Alas, what actually happened was this: As I sat with my second mug of decaf (the morning had gotten off to an early start with a backache that drove me from my bed), Lillian came downstairs wailing that the upstairs toilet was running over. As I tore up the stairs, I shouted for Madeleine to grab the bleach and rubber gloves, Lilly was to get towels, and the boys were to tell me if it started leaking through to the dining room. I stompered the toilet, mopped up poop-swill, bleached and scrubbed the toilet, floor, and surrounding walls, and after gathering up all the cleaning apparatus, came down the stairs to find...
a steady stream of water leaking from out of the woodwork onto Eli's chair, soaking the rug, and pooling into the kitchen.
So much for the plans of mere mortals. I screamed at my heedless children about their excessive wadding of toilet tissue, their lack of respect for having their own damn bathroom (which I would have given an eye for as a kid), and about the general disarray of the upstairs, which I've decided is no longer tolerable, even if I do refuse to haul myself upstairs to look at it. We will be ripping out our downstairs bathroom soon, due to a faulty bit of tile work that has created a much larger problem with the sub flooring, and the upstairs has to be better. I'm not letting the little shits force me into a heart attack over their bad bathroom habits. That's my morning in a big, bloggy nutshell. I'm off to check the dripping woodwork and start another bleach load of towels. Have a better day than me, please.

p.s. A beautiful deer just walked right past our front windows, across the driveway, and into the blackberry brambles that separate our front yard from the neighbors. It would seem the 'no-mow' treatment has additional benefits, besides the bounty of bunnies in the yard, the foxes out back, and the wild turkey who walked right up to our back porch last week.

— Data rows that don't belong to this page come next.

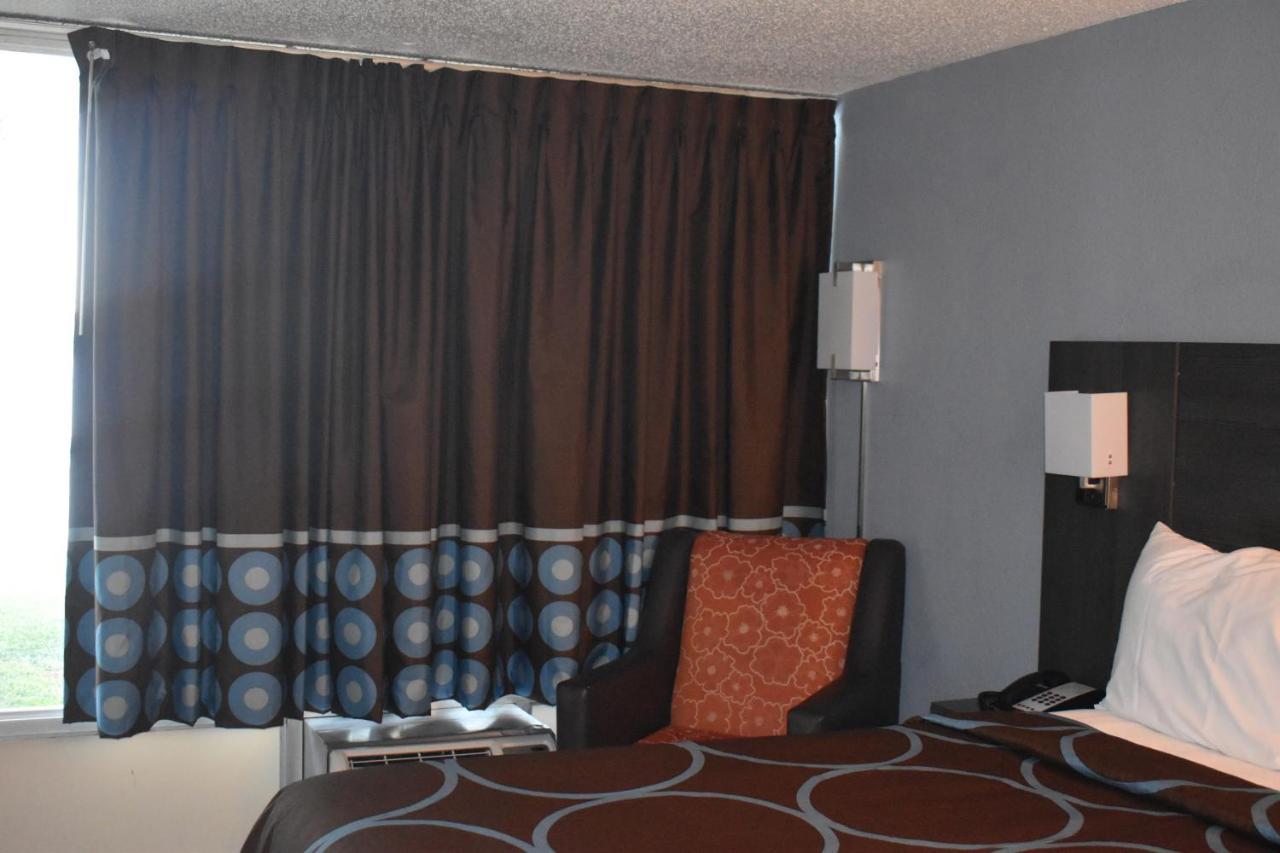 Super 8 By Wyndham Riverside Al Eksteriør billede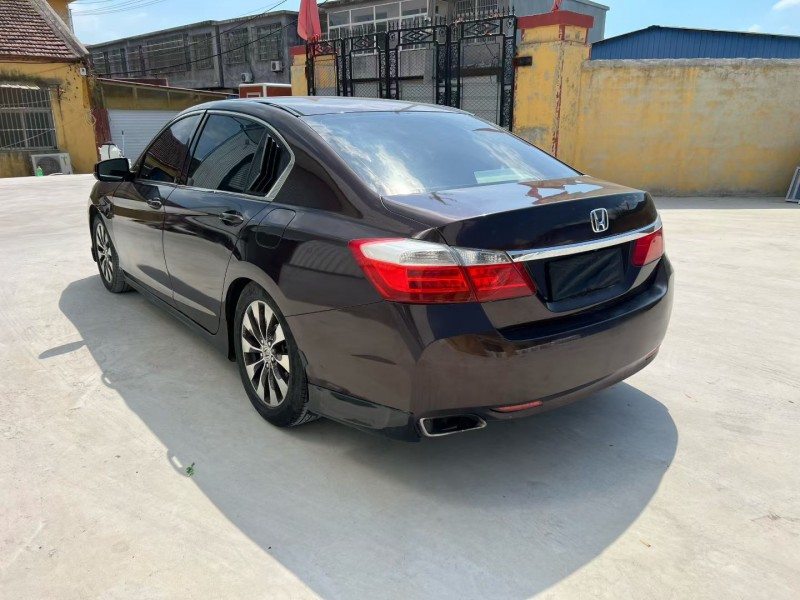 枣庄13年本田雅阁8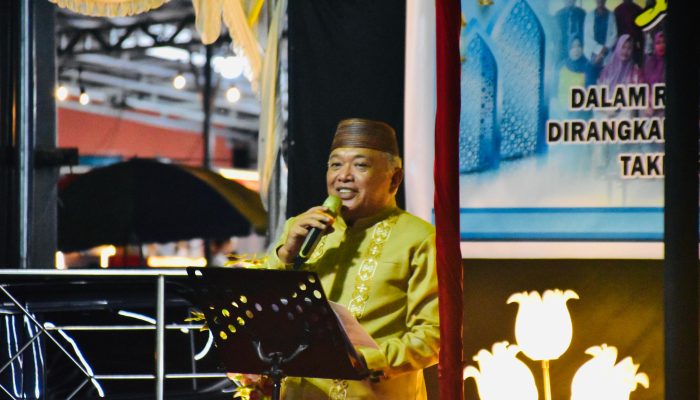 Idul Adha, Wabup Tonny S Junus  Silaturahmi Bersama Jamaah Masjid AT- Tanwir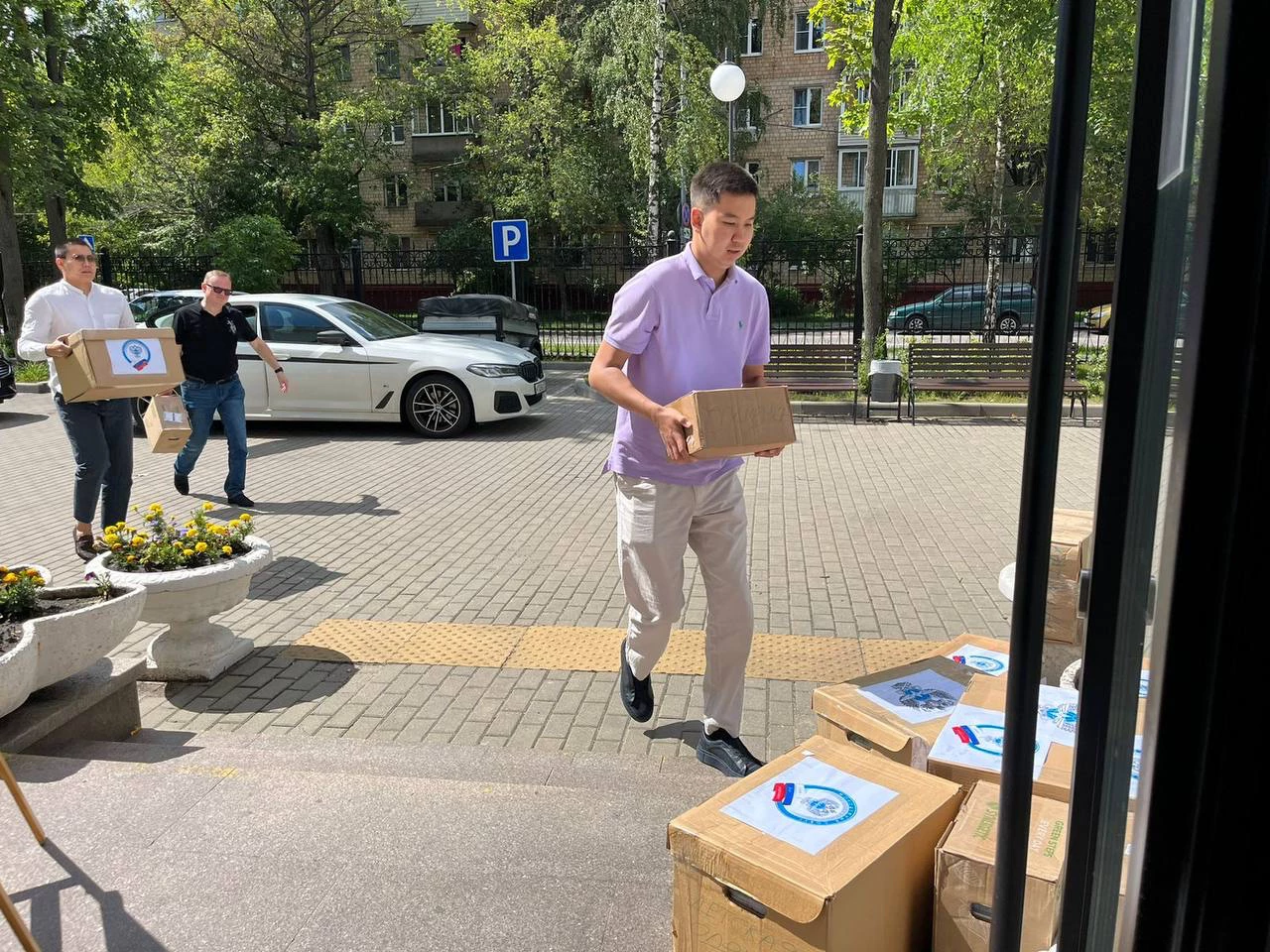 Росгранстрой передал гуманитарную помощь детям Донбасса и морским пехотинцам Черноморского флота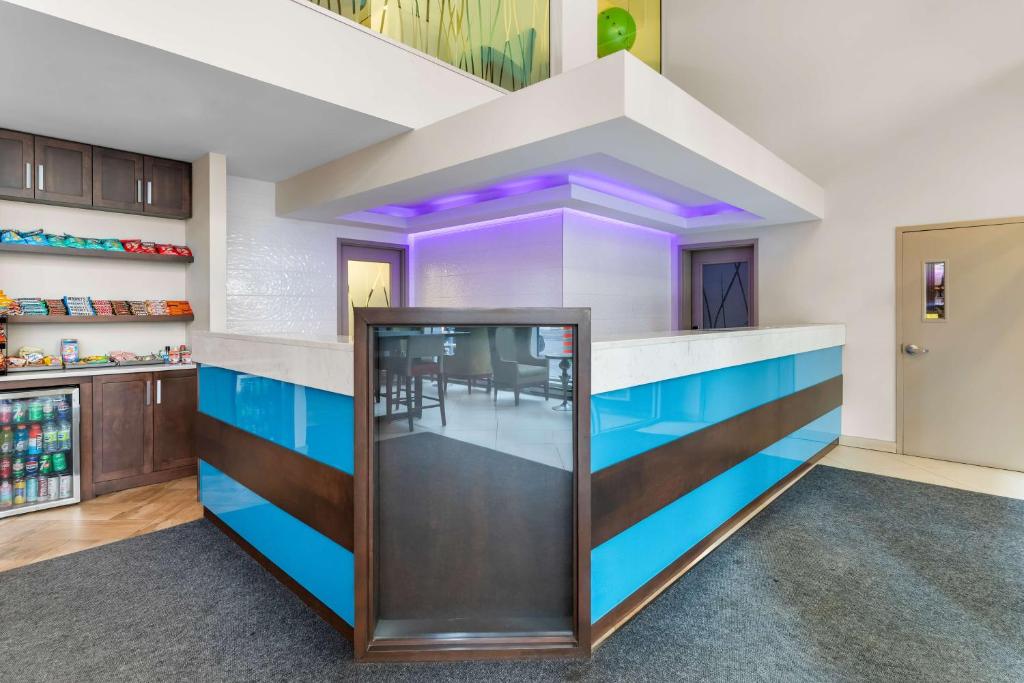 Best Western Plus Hotel Montreal - Resim 3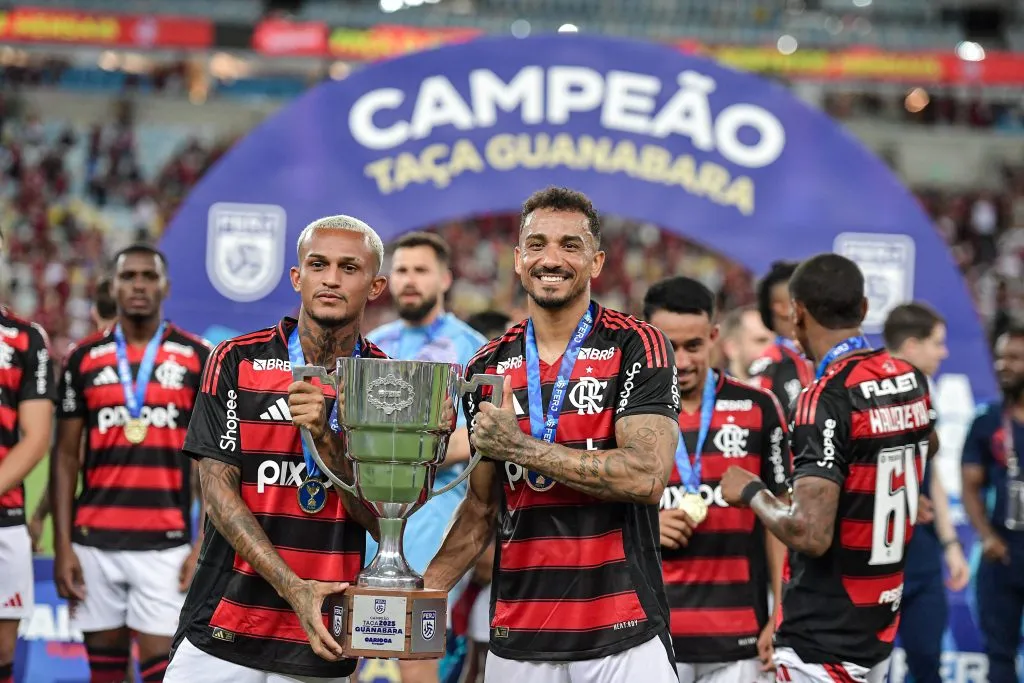 Wesley ao lado de Danilo com a taça Guanabara. Foto: Thiago Ribeiro/AGIF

Ah, wilderness.

6 comments:

Anonymous said...

Ohhh, i am DYING...and running downstairs to take my birth control pill! Even tho the man is deployed for the next 12 months,he MAY have to fly home for a meeting. Anyways, reminds me of the time my kitchen pipes froze this winter, and we were BEYOND pissed...and then, a fox trotted across the backyard, and all was right in the world! until the next time the effing pipes froze. And seriously, where the hell was the fox THEN???

Unknown said...

You two crack me up! Only because I know both of you! Cami - I was going to say it could only happen to you - but apparently not. Thank goodness for the dear deer.

Jess - well I won't take over Cami's comments - good to see you.

g

Stephanie said...

Are you sure you aren't me? I swear this kind of shit happens to me every other day. Poop swill. ROFL. Been there...done that. I hope your day gets better. If not...just lock all the kids in the closet...put in some earplugs so you can't hear them and just sit and enjoy the silence :) WHA? C'mon...you know you wanna! Oh..and have a few shots of something stronger than decaf coffee. Whiskey perhaps?

Good Luck!

Thimbleanna said...

Ruh-Roh. I hope the day got better as it went on. At least you had the deer. Another benefit of the no cut policy -- you could tell the kids if they don't quit abusing their tp privileges, they're going to have to go out in that long grass which won't be a problem 'cause no one will be able to see them! And they won't even have to take those stupid little doggie clean-up bags, 'cause it's YOUR yard and it can be used as fertilizer like nature intended!

prairievisiondesign : handmade said...

Cami, any damage to the store? I've been thinking about all that lovely fabric...

amy wolgemuth bordoni said...

Now that is a good plan gone awry. I sure hope you got the cake! (By the way, I know you are a knitter but you are also an awesome writer. I love reading your blog.)